Entrevista:O Estado inteligente

sexta-feira, janeiro 06, 2012

Não é bem assim Luís Eduardo Assis



O Estado de S. Paulo - 06/01/2012
 

O Brasil fechou o ano com reservas internacionais na casa de US$ 320 bilhões. "Nunca na história deste país" as reservas foram tão altas. Isso também é verdade para várias outras economias, já que o mundo foi inundado pela liquidez injetada pelos bancos centrais dos países em crise, mas este dado acaba por corroborar a impressão de que vivemos numa economia pujante, agora a sexta do mundo.
É frequente a comparação das reservas brasileiras ao dinheiro que as famílias separam, ou "reservam", para enfrentar imprevistos. Nesta imagem, esses recursos representariam uma poupança, um valor economizado. Não é verdade. Claro que é uma boa notícia as reservas estarem crescendo de forma exuberante. No final de 2005, não faz muito tempo, as reservas brasileiras estavam em US$ 53,8 bilhões. Desde então, elas cresceram nada menos que 554%. Mais: desde o começo de 2009, e de forma crescente, as reservas superam a dívida externa total brasileira, para júbilo e gáudio dos mais patriotas. De devedor quebrado nos anos 80 a credor líquido do mundo agora, prestes a "emprestar" dinheiro ao Fundo Monetário Internacional (FMI) - nada mal.

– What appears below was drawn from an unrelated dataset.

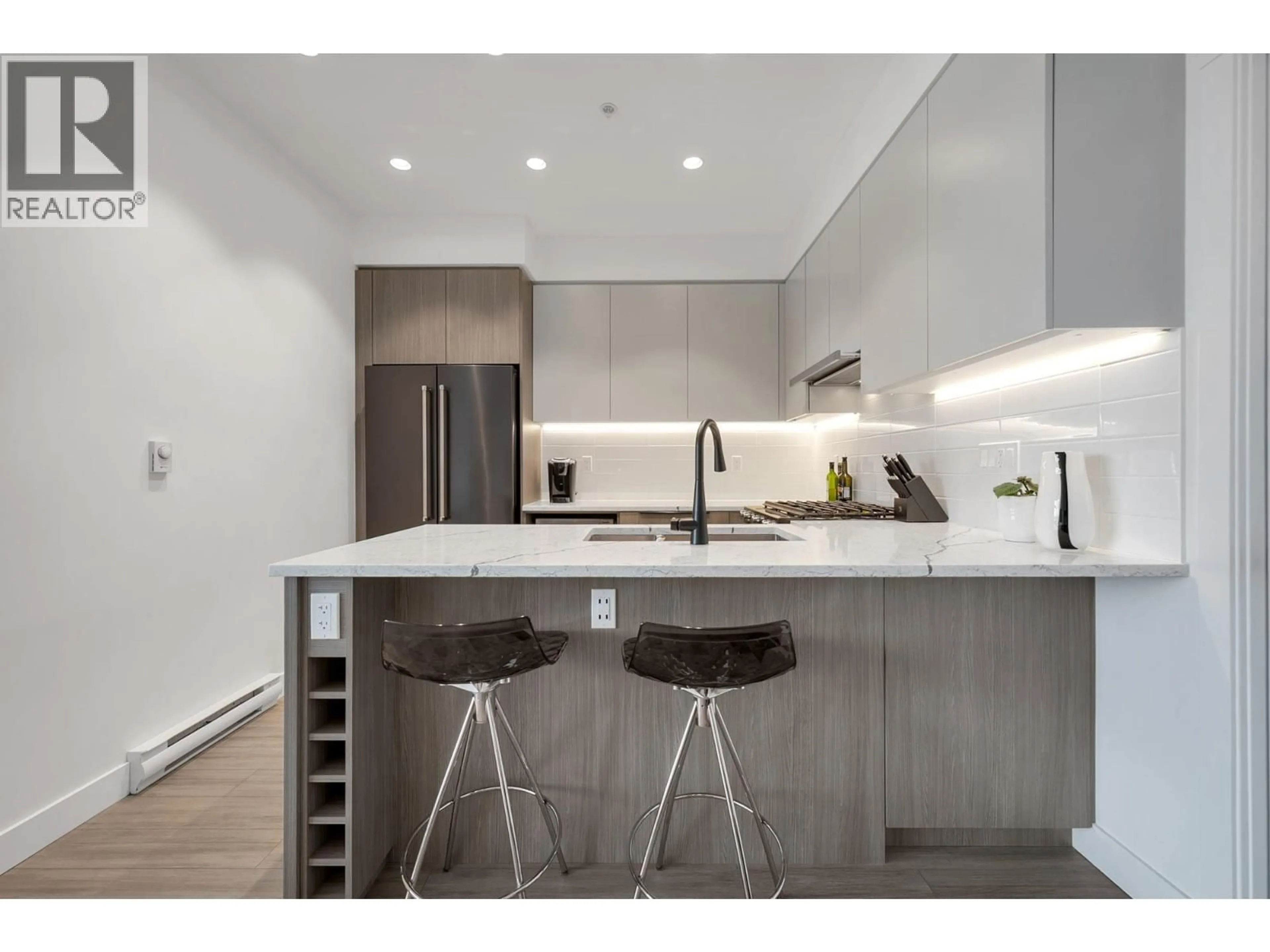 Contemporary kitchen, unknown for 404 - 2408 GRANT STREET, Vancouver British Columbia V5K3G4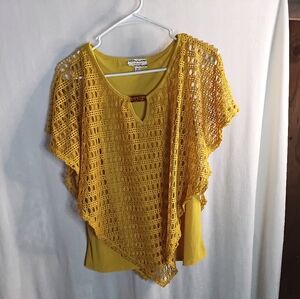 Corvia Women's Yellow Blouse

Tudo resolvido? Não exatamente.
É bom ter reservas. A história dos anos 80 teria sido muito diferente não fosse o nível pífio das reservas internacionais. Também o êxito do Plano Real deve muito ao fato de que as reservas quadruplicaram entre 1991 e 1994. Mas não só essas reservas têm um alto custo (já que o Banco Central, BC, neutraliza os reais emitidos através da colocação de dívida cara) como elas geram, em grande parte, uma contrapartida em reais que pode ser reconvertida em moeda estrangeira se a percepção dos investidores se alterar. Isso porque o BC assume, para um grande número de operações, um passivo - uma dívida - em moeda estrangeira. Ingressos de recursos para a bolsa de valores, por exemplo, aumentam as reservas. Mas elas podem ser reduzidas a qualquer momento, se os estrangeiros resolverem se livrar das ações. O mesmo ocorre com empréstimos que podem deixar de ser rolados e mesmo, em medida impossível de ser aferida com exatidão, com os investimentos estrangeiros, já que parte significativa dessa rubrica se refere também a empréstimos de empresas multinacionais que arbitram taxas de juros.
Ou seja, ao contrário do que ocorre com uma "reserva" de recursos no seu sentido usual, as reservas internacionais do Brasil têm como contraface exigíveis que dependem dos humores do mercado e da avaliação que os investidores internacionais fazem da economia brasileira. Boa parte das reservas brasileiras não é, por assim dizer, dos brasileiros. O conceito mais abrangente que mede a obrigação do Brasil com o exterior é o passivo externo bruto (PEB). O PEB adiciona à divida externa os investimentos diretos, os investimentos na bolsa e as aplicações em renda fixa feitas por domiciliados no exterior. De acordo com o Banco Central, o passivo externo alcançou no ano passado US$ 1,43 trilhão, cerca de 62% do PIB e quatro vezes mais que o total de reservas internacionais. Desde 2005, esse passivo praticamente triplicou, no rastro do crescente déficit em transações correntes. Nunca antes neste país o passivo externo foi tão alto.
A conclusão é simples. Não é o volume de reservas, mas o grau de confiança da comunidade financeira internacional que determina a resiliência da economia brasileira às turbulências. Essa credibilidade, por sua vez, depende da percepção pelos investidores estrangeiros da consistência intertemporal da política econômica, vale dizer, do equilíbrio entre medidas estruturais que desobstruam os gargalos que impedem o aumento contínuo do produto e da renda e iniciativas que apenas tiram proveito da conjuntura favorável de curto prazo. Um alto volume de reservas, apenas, não garante nada. O jogo não está ganho. O jogo nem começou.